なかでも今年は、紅葉を思わせるボルドー(赤系)のアイシャドウや口紅を使ったメイクが人気だったようです。
◆顔色の悪さを気にして、デパートの化粧品売り場へ
今野明日香さん(仮名・32歳)は、キャンプ道具やアウトドア用品を扱うメーカーの製品管理の部署で働いています。週の半数がリモートワークになったのをきっかけに、自分のメイクが気になるようになったといいます。

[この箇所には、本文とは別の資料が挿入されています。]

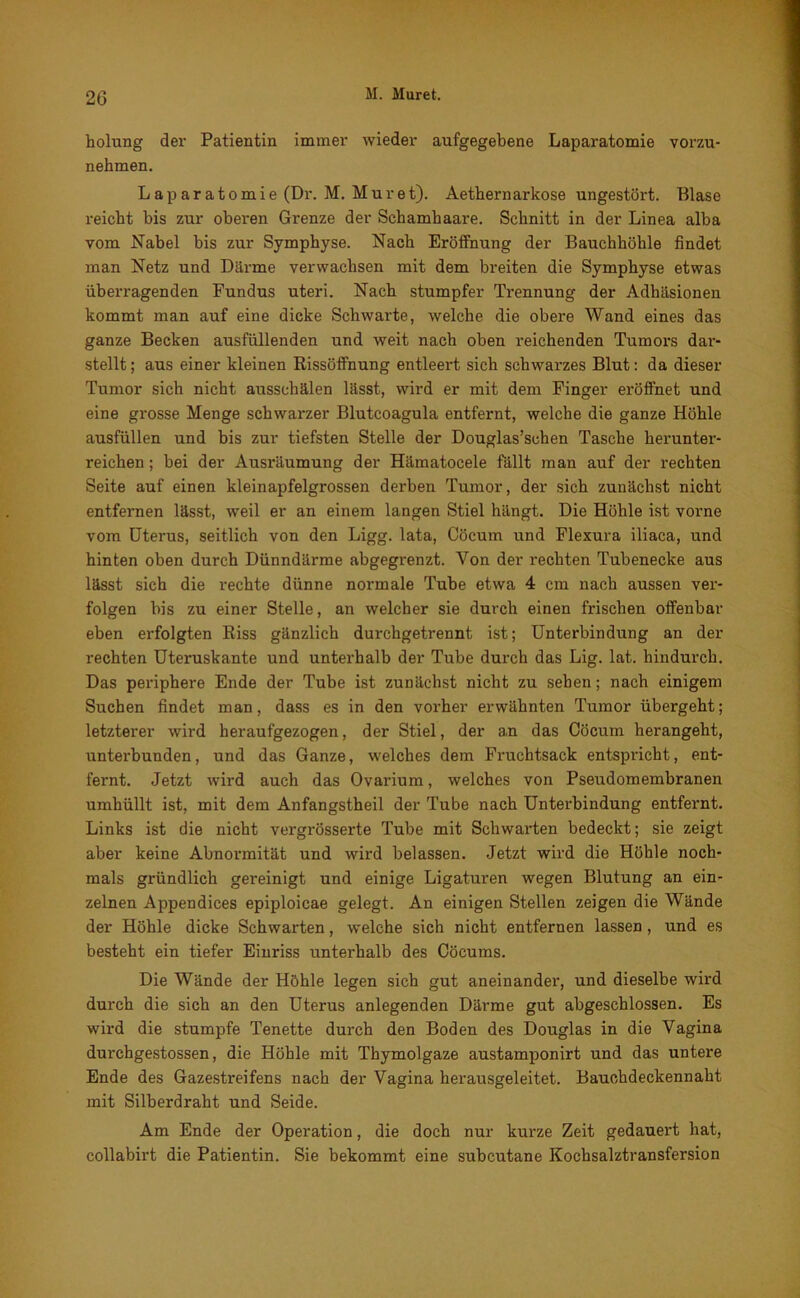 holung der Patientin immer wieder aufgegebene Laparatomie vorzu- nehmen. Laparatomie (Dr. M. Muret). Aethernarkose ungestört. Blase reicht bis zur oberen Grenze der Schamhaare. Schnitt in der Linea alba vom Nabel bis zur Symphyse. Nach Eröffnung der Bauchhöhle findet man Netz und Därme verwachsen mit dem breiten die Symphyse etwas überragenden Fundus uteri. Nach stumpfer Trennung der Adhäsionen kommt man auf eine dicke Schwarte, welche die obere Wand eines das ganze Becken ausfüllenden und weit nach oben reichenden Tumors dar- stellt ; aus einer kleinen Rissöffnung entleert sich schwarzes Blut: da dieser Tumor sich nicht ausschälen lässt, wird er mit dem Finger eröffnet und eine grosse Menge schwarzer Blutcoagula entfernt, welche die ganze Höhle ausfüllen und bis zur tiefsten Stelle der Douglas’schen Tasche heruntei’- reichen; bei der Ausräumung der Hämatocele fällt man auf der rechten Seite auf einen kleinapfelgrossen derben Tumor, der sich zunächst nicht entfernen lässt, weil er an einem langen Stiel hängt. Die Höhle ist vorne vom Uterus, seitlich von den Ligg. lata, Cöcum und Flexura iliaca, und hinten oben durch Dünndärme abgegrenzt. Von der rechten Tubenecke aus lässt sich die rechte dünne normale Tube etwa 4 cm nach aussen ver- folgen bis zu einer Stelle, an welcher sie durch einen frischen offenbar eben erfolgten Riss gänzlich durchgetrennt ist; Unterbindung an der rechten Uteruskante und unterhalb der Tube durch das Lig. lat. hindurch. Das periphere Ende der Tube ist zunächst nicht zu sehen; nach einigem Suchen findet man, dass es in den vorher erwähnten Tumor übergeht; letzterer wird heraufgezogen, der Stiel, der an das Cöcum herangeht, unterbunden, und das Ganze, welches dem Fruchtsack entspricht, ent- fernt. Jetzt wird auch das Ovarium, welches von Pseudomembranen umhüllt ist, mit dem Anfangstheil der Tube nach Unterbindung entfernt. Links ist die nicht vergrösserte Tube mit Schwarten bedeckt; sie zeigt aber keine Abnormität und wird belassen. Jetzt wird die Höhle noch- mals gründlich gereinigt und einige Ligaturen wegen Blutung an ein- zelnen Appendices epiploicae gelegt. An einigen Stellen zeigen die Wände der Höhle dicke Schwarten, welche sich nicht entfernen lassen, und es besteht ein tiefer Einriss unterhalb des Cöcums. Die Wände der Höhle legen sich gut aneinandei’, und dieselbe wird durch die sich an den Uterus anlegenden Därme gut abgeschlossen. Es wird die stumpfe Tenette durch den Boden des Douglas in die Vagina durchgestossen, die Höhle mit Thymolgaze austamponirt und das untex*e Ende des Gazestreifens nach der Vagina herausgeleitet. Bauchdeckennaht mit Silberdraht und Seide. Am Ende der Operation, die doch nur kurze Zeit gedauert hat, collabirt die Patientin. Sie bekommt eine subcutane Kochsalztransfersion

「自宅勤務が続いたので、日焼け効果のあるBBクリームにリップを塗るだけの簡単メイクで済ませていた日もあったんです。でも、パソコンでオンライン会議の時に自分の顔が映し出されると、なんとなく顔色が悪いんですよね。ちょうどファンデーションが切れる時期だったので、久しぶりにデパートの化粧品売り場に行ったんです」
そこでBA(ビューティーアドバイザー)から、顔映りが良くなるメイクのアドバイスを受けます。
◆アイメイク重視のマスク生活…流行りの赤系メイク取り入れる
「私のように、久しぶりのメイクでどうすればよいのか悩んでいる人で混んでいましたね。BAは私の顔を見るなり、“今はマスク生活で目元しか出ていないから、アイメイクを気にした方が良い”と言うんです」
明日香さんは、その場で実際にメイクをしてもらいました。
「マスクから出ている眉毛が細すぎると言われました。たしかに、オンライン会議で顔がぼやけて見えたのは、眉毛が細いからかもしれないと気づきました。ファンデや眉ペンを買った後に、もう3年ほど買い替えていないアイシャドウを新しくしようって思ったんです」
メイク用品にも使用期限があると言いますが、厳密にはわからないため、使用頻度が少ないアイシャドウなどは、何年も前のものを使っている女性も多いかもしれません。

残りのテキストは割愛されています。